なんと芭蕉ファン!伝説的なスペイン人映画監督の新作「瞳を閉じて」が日本で公開
「ミツバチのささやき」で知られる伝説的なスペイン人映画監督ビクトル・エリセによる新作映画「瞳をとじて」が2月9日から日本各地の映画館で公開される。寡作で知られるエリセ監督の長編映画は31年ぶり。俳人松尾芭蕉と「奥の細道」の大ファンで、日本との関わりが深い巨匠の新作は日本で注目を集めそうだ。 公開をまえにしてこのほど、東京都千代田区のスペイン政府機関セルバンテス文化センターで「瞳をとじて」の魅力を語る座談会が開かれた。司会したのは同文化センター文化部長のハビエル・フェルナンデスさんで、スペイン語圏の映画に詳しい東京大学の柳原孝敦教授と映画ライターの久保玲子さんが、エリセ監督との思い出や人柄などを話し合った。 フェルナンデスさんがまず「エリセ監督の新作がやっと日本に着きました」と話した。 「ミツバチのささやき」(1973年)が日本の映画ファンの間で好評を集めたのは1985年。同年には「エル・スール」(1982年)も日本公開された。そして長編第三作「マルメロの陽光」の製作は1992年。その後、今回の「瞳を閉じて」が2023年に完成するまでに31年が経過した。

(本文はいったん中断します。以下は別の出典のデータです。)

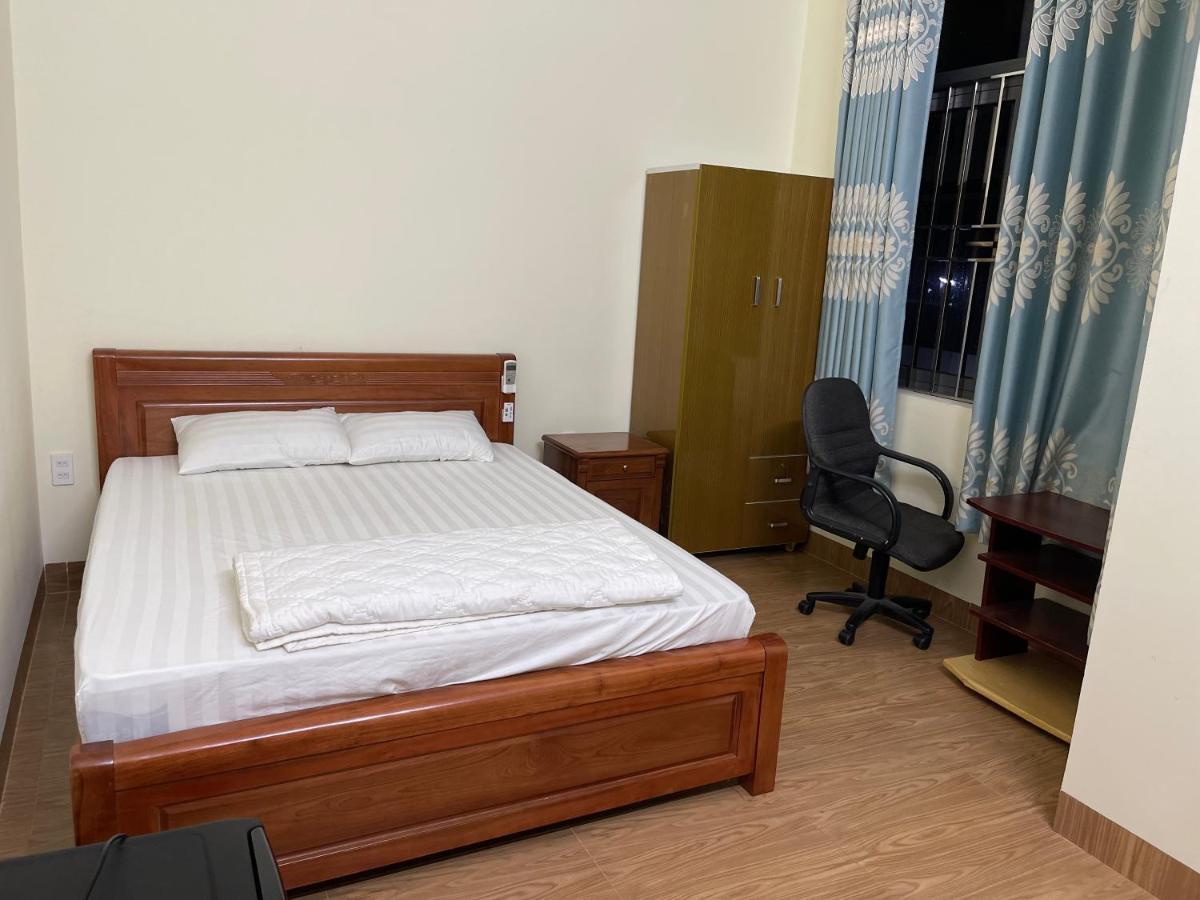 846B50 Binh Gia Lejlighed Vũng Tàu Eksteriør billede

久保さんが、「エリセ監督は松尾芭蕉が好きで『奥の細道』を愛読しているそうですね」と言うと、柳原教授は「1993年にエリセ監督が来日した時、彼が『奥の細道』スペイン語翻訳書を持っているのを見た」と証言した。当時大学院生だった柳原教授は、エリセ監督の通訳を務めていた。『奥の細道』はボロボロで、相当読み込まれていたという。 エリセ監督が「ミツバチのささやき」を製作していた頃、頭の中で芭蕉の辞世の句〈旅に病んで夢は枯野をかけめぐる〉をつぶやき続けていたというのは「伝説」となっている。 フェルナンデスさんが「エリセ監督は、よくしゃべるスペイン人よりも、言葉数が少ない日本人のようだ」と言うと、柳原教授は「よく考えてから言葉を発する方でした」と回想した。 「瞳を閉じて」は、元映画監督と、謎の失踪を遂げたかつての人気俳優の記憶をめぐるヒューマンミステリー。22年前、映画の撮影中に俳優が失踪する。当時の映画監督でフリオの親友でもあったミゲルは、失踪事件を追うテレビ番組に証言者として出演。ミゲルは次第にフリオと過ごした青春時代や自身の半生を追想していく。 「映画を作る」ことや「映画を見せる」ことなど、映画愛も大きなテーマとなっている。エリセ監督の集大成ともいえる新作。そこに過去の名作とどんなつながりが見てとれるか、また、どんなところに日本文化の影響が現れているか。興味は尽きない。